With a password that has the same entropy as 10 random digits, assuming no further vulnerabilities allowing them to speed up the process, it could take up to 12 and a half years to brute force it. Make it alphanumeric (and still random) and it’s millions of years - infeasible within our lifetime - it’s basically a question of whether another vulnerability is already known or is discovered that enables bypassing the password entirely / much faster rates of entry.
If you’re in a situation where you expect to interact with law enforcement, then disable biometrics. Practice ahead of time to make sure you know how to do it on your phone.
Yep. On Android there’s also a Lockdown mode that you can enter through the power menu when you need to turn off biometrics for the next unlock. Set a strong password. Use biometrics when you need to keep out a casual intruder, and password when you need to keep out a major intruder.
100%.
If you’re always concerned about sophisticated attackers, then you should also:
- Disable biometrics unlock whenever your device is about to leave your possession or you’re going to sleep
- Protect against shoulder-surfing / surveillance attacks that can capture you entering your password, e.g., by being aware of your surroundings and only entering your password or viewing sensitive information when you‘re certain your screen (and thumb locations) can’t be observed or by obscuring a view of your phone with your shirt or a blanket (like Snowden)
- Take the time to learn more about security in general and in relation to the specific threats that concern you
Also, don’t use regular passwords with random letters and numbers, they are really hard to remember and easier to crack if the password isn’t complex enough. Instead, use a passphrase with at least 5 words.
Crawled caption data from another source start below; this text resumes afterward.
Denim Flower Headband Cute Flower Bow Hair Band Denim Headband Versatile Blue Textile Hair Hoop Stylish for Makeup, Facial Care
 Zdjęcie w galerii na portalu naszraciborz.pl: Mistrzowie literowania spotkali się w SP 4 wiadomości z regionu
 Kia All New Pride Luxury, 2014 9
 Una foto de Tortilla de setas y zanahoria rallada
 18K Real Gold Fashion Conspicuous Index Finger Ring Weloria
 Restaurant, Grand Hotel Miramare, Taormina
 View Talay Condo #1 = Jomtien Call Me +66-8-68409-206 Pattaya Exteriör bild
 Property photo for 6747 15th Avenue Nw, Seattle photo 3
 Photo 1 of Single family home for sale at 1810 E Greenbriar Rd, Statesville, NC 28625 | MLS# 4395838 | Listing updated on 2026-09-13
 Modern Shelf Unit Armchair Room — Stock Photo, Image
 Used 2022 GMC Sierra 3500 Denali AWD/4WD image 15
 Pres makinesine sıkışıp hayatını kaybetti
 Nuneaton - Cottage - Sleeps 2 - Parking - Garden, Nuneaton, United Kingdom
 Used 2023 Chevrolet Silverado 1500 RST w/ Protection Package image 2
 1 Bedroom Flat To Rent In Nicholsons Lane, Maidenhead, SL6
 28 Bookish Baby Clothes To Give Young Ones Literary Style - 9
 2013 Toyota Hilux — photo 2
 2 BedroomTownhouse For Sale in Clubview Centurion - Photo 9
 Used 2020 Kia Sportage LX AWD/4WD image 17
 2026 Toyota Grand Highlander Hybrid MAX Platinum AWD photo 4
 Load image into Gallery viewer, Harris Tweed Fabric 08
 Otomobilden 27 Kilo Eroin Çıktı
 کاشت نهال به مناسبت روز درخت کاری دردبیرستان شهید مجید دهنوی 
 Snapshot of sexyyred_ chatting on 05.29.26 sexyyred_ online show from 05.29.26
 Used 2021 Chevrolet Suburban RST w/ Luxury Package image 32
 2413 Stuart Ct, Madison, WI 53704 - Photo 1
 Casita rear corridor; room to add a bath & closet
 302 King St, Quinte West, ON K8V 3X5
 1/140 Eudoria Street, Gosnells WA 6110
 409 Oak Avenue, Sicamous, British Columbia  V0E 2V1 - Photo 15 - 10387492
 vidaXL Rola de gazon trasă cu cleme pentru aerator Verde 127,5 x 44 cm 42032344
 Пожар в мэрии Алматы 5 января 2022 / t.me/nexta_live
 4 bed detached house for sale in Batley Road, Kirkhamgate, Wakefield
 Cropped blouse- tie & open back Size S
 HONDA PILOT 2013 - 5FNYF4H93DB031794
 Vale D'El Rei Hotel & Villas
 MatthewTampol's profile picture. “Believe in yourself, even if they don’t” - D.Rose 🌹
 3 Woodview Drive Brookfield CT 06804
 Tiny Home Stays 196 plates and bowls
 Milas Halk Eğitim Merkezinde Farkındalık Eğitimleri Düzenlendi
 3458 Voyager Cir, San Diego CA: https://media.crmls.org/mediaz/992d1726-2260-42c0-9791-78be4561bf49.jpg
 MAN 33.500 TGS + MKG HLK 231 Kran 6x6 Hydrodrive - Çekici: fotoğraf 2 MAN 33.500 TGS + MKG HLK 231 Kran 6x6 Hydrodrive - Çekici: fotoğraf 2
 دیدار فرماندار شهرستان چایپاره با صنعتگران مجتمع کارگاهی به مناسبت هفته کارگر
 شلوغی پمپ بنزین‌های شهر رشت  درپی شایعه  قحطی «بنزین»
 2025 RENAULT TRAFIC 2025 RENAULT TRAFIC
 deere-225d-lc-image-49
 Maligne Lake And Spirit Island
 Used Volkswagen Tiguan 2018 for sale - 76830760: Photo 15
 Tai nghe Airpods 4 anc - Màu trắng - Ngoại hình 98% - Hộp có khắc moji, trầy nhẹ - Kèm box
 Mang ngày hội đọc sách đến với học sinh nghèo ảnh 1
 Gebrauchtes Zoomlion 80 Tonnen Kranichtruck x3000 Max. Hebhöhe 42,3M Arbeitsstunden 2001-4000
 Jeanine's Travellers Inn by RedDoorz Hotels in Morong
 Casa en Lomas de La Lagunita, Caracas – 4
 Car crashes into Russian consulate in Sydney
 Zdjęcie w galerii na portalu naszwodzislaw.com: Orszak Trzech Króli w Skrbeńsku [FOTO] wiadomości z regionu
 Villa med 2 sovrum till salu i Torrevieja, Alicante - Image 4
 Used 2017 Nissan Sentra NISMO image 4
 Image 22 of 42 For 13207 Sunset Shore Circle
Is that safe though? After seeing that XKCD I also thought it would be a good idea but then read that using passphrases is even worse because brute force attacks often use dictionaries as well to test word combinations, so one should use scrambled characters, just long enough to resist brute force.
The XKCD comic uses the entropy of common words assuming an informed cracker is using the best tools at their disposal, that being a dictionary attack. That’s why the entroy per character of the passphrase is so low compared to that of the special character password, but the passphrase can be much longer because it’s easier to remember, so that’s what gives it its higher total entropy.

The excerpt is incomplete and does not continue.